There is no hint of any irregularity or fraud here. In fact, a fair reading of Judge Dowd’s orders contained in the record indicates that he did not just perfunctorily approve the parties’ stipulation and settlement. After three days of trial and substantial research, it appears, from the extensive pre-trial order, that the well-respected trial judge was prepared to make a finding on behalf of petitioner. Now, since there is no way to directly attack the judgment of the trial court, respondent-commission seeks to collaterally attack the judgment by refusing to proceed in accordance with the law as mandated by the General Assembly. Of course, collateral attacks on judgments are countenanced even less than direct attacks, absent a direct and proper appeal.
There are many other issues that should be raised concerning the ultimate impact of the majority decision, but those raised will suffice to make the point. What we have before us is an action seeking a writ of procedendo. “* * * [P]rocedendo is an order requiring a lower court to proceed to judgment and not an order directing a lower court to make a judgment for or against a particular side or issue.” State, ex rel. Garnett, v. Lyons (1975), 44 Ohio St. 2d 125, 126, 73 O.O. 2d 440, 441, 339 N.E. 2d 628, 630. Procedendo is an order requiring an inferior tribunal to proceed according to a judgment rendered. In this action now before us, we should not be determining the merits of the case. They have already been determined by the trial court.
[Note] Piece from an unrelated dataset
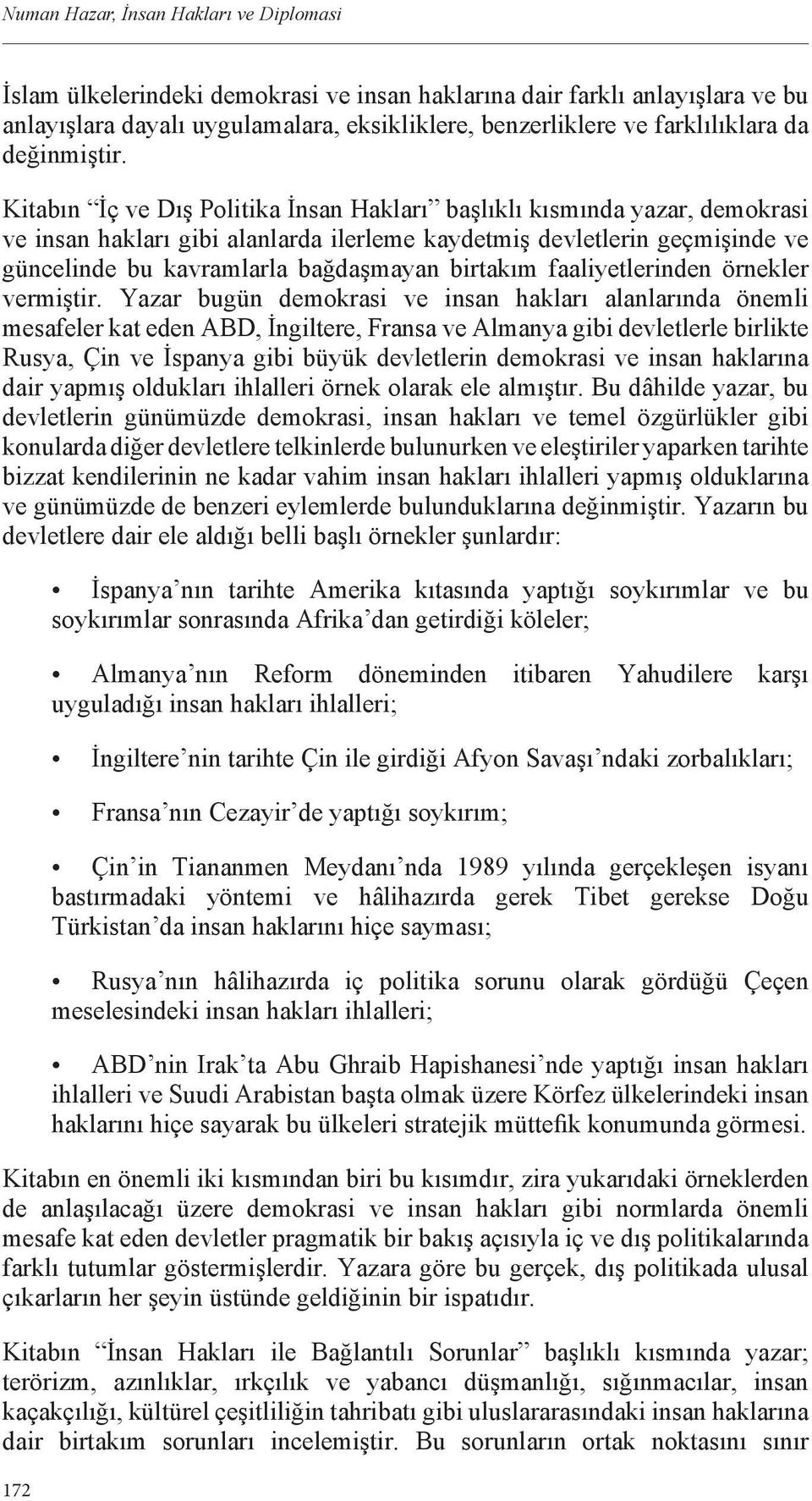 Kitabın İç ve Dış Politika İnsan Hakları başlıklı kısmında yazar, demokrasi ve insan hakları gibi alanlarda ilerleme kaydetmiş devletlerin geçmişinde ve güncelinde bu kavramlarla bağdaşmayan birtakım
If the commission thinks the trial court is wrong or believes that any case of this court allows it not to proceed, then the commission should hold a hearing, make such a determination, and memorialize its decision in an opinion and final order, thereby permitting the aggrieved parly to properly appeal and affording this or another court the opportunity to decide the serious issues involved. This could then be accomplished after a full and complete briefing of the questions raised with the aggrieved party being afforded a hearing. As an alternative, this court, as set forth, supra, could grant an alternative writ and thereby accomplish the same objectives. In the absence of such a procedure, I am glad I am not the trial judge who must now figure out how this court would expect him to proceed.
Accordingly, notwithstanding that I believe, for the reasons stated, that R.C. 4121.80 does not apply to cases of alleged intentional torts, I must respectfully dissent on the basis that the majority opinion is fundamentally flawed and proper procedure is not being followed.
Sweeney and Resnick, JJ., concur in the foregoing dissenting opinion.